▸ Exercise objective
Only the lines from the one containing "Старое уходит в" to the end of the data should be copied, exactly and without pictures.

··· Data extract

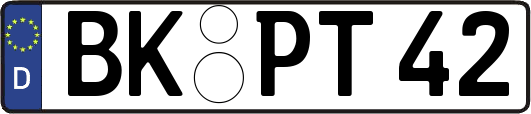 BK-PT42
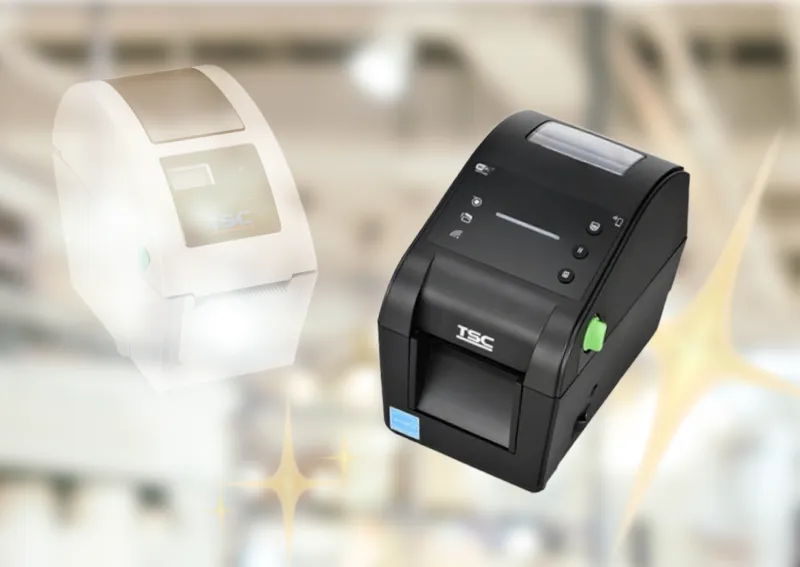 Старое уходит в прошлое, но приходит новый принтер этикеток TSC DH220E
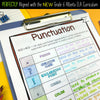 Grade 6 Grammar and Conventions Language Arts Notebook - Alberta aligned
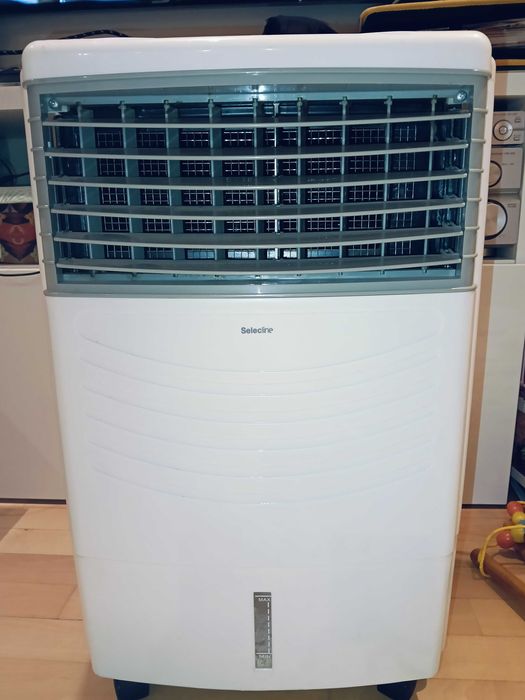 Klimator wentylator Leroy Merlin zamienię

······

▸ Solution to this task
 Старое уходит в прошлое, но приходит новый принтер этикеток TSC DH220E
 Grade 6 Grammar and Conventions Language Arts Notebook - Alberta aligned
 Klimator wentylator Leroy Merlin zamienię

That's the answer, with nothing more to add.